A sacralidade do corpo tornou-se importante para os povos xamânicos, já que era a partir do estado mais primitivo (estado puramente animal) que os xamãs podiam entrar em estado alterado de consciência, e com isso atingir melhores resultados nas suas práticas mágicas e feiticeiras. Com todo o legado que o Xamanismo Europeu deixou à Bruxaria, podemos entender que também na Velha Arte a nudez é sagrada, e o facto de se estar perante a Natureza despido do conforto das roupas da vida mundana e sem qualquer concepção pecaminosa imposta pela sociedade moderna, deixando o ego social tanto quanto possível na berma das estradas que dão para os bosques, a bruxa consegue assim transcender aos mundos supra-sensíveis, para que possa desenvolver o seu trabalho mágico. Esta nudez não deve ser sentida como vergonha perante um conventículo, uma vez que este deve ser alheio à estética e noções sobre o belo oriundas do seio da sociedade capitalizada, tão opostas à recepção das propriedades iniciáticas que se pretendem obter, pois a simples nudez não fará o estado animal da bruxa, mas sim a união entre a nudez e o despreendimento das concepções sociais, que farão com que a bruxa entre em estado alterado de consciência, entre o corpo e o espírito. Quando a bruxa não pretende ritualizar nua, por questões climatéricas ou até mesmo por questões mais pessoais, ela usa capas ou trajes que não está habituada a usar na vida mundana, para que, ainda assim, possa despir-se do conforto materialista do mundo moderno, e deixar que entrem em si as forças numinosas que a transfiguram. O acto de despir o corpo das vestes utilitárias, permite-nos um aumento do sentimento de vulnerabilidade, abrindo-nos o corpo para o confronto com o eu e com os génios, por forma a vincular na carne o mesmo fenómeno iniciático que se dá no espírito e na consciência.

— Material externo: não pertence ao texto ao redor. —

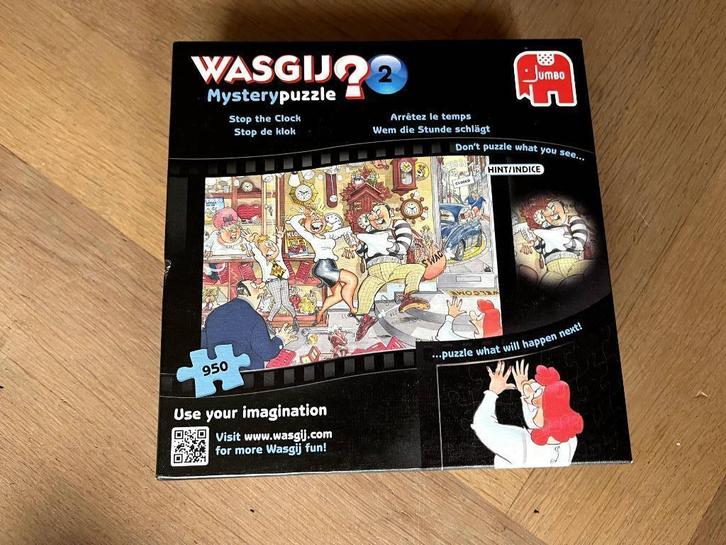 Jumbo Wasgij Mystery Puzzle 2 – Stop de klok, 950 stukjes, Hobby en Vrije tijd, Denksport en Puzzels, Zo goed als nieuw, Legpuzzel
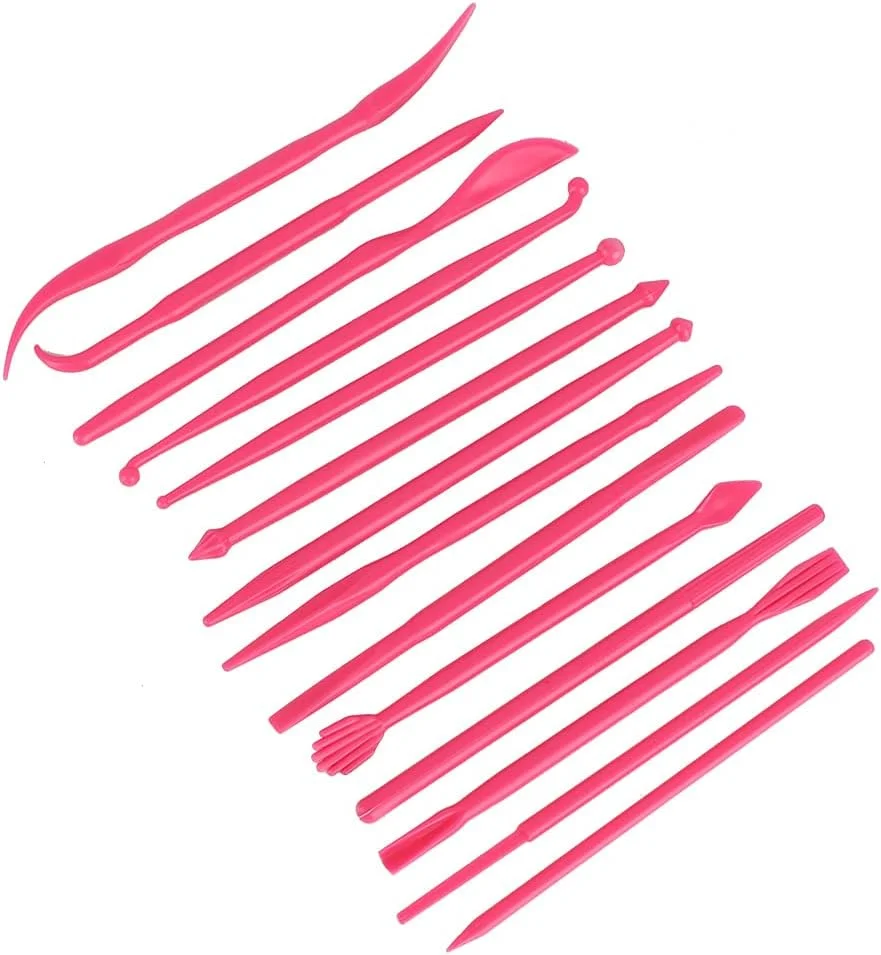 ست مجسمه سازی خمیر پلاستیکی، 14 عدد ابزار دستی مدل سازی سفالگری با اندازه جمع و جور، برای خمیر نرم، کیک فوندانت (قرمز گل رز)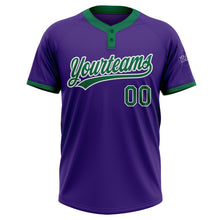 Load image into Gallery viewer, Custom Purple Kelly Green-White Two-Button Unisex Softball Jersey
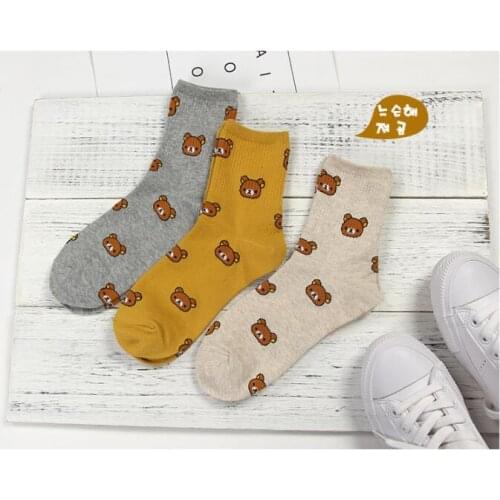 6 pairs/lot! Japan Rilakkuma Cute Socks Women Kawaii Hosiery Lady Clothing Novelty Sweet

A nudez não é apenas importante pelas características animais que encaramos num círculo, mas é também importante o próprio corpo que é entendido como o templo da peregrinação iniciática e mágica, pois é a partir do próprio corpo que podemos entender a ligação entre nós próprios e os Deuses. Como os Deuses não são exteriores a nós nem nós exteriores aos Deuses, somos parte Deles e Eles de nós, então podemos perceber a importância do nosso corpo como templo do nosso caminho na Arte, pois é a partir dele, e sendo simétrico ao cosmos, natureza e submundo, que conhecemos os mundos invisíveis aos olhos mundanos, e por sua vez praticamos magia. Em diferentes partes do nosso corpo podemos ver representadas as diferentes formas do Deus e da Deusa, conseguindo perceber a simbologia ou até mesmo o poder que emana de cada elemento corpóreo aquando o trabalho mágico. A cabeça, a zona do coração, as mãos, os órgãos sexuais, os pés, etc., tudo isso recebe e transmite energia no momento do trabalho mágico, tendo em conta, naturalmente, o objectivo de cada trabalho, e é também por isso que nas viagens extáticas e visionárias ao Submundo, o Sabat das Bruxas, são usados unguentos com propriedades psicotrópicas que servem para untar diferentes partes do corpo, servindo de ajuda para se atingir um estado alterado de consciência. É também no corpo que o neófito sente as dores da iniciação, por via dos Deuses, dos Antepassados, dos Guardiões, enfim, da Natureza.
O corpo e a nudez são sagrados ao caminhante da noite, para com eles poder evoluir e desenvolver o seu trabalho mágico. É com a sacralidade do corpo e da nudez que conhecemos os mundos para além do físico, que conhecemos os mistérios mais intrínsecos à alma e espírito humanos, que presenciamos as acções da Natureza e que caminhamos nos sinuosos trilhos da Iniciação, porque é pelo acto de despir a casca mundana, que nos transfiguramos e ascendemos ao patamar mais profundo da nossa própria existência colectiva.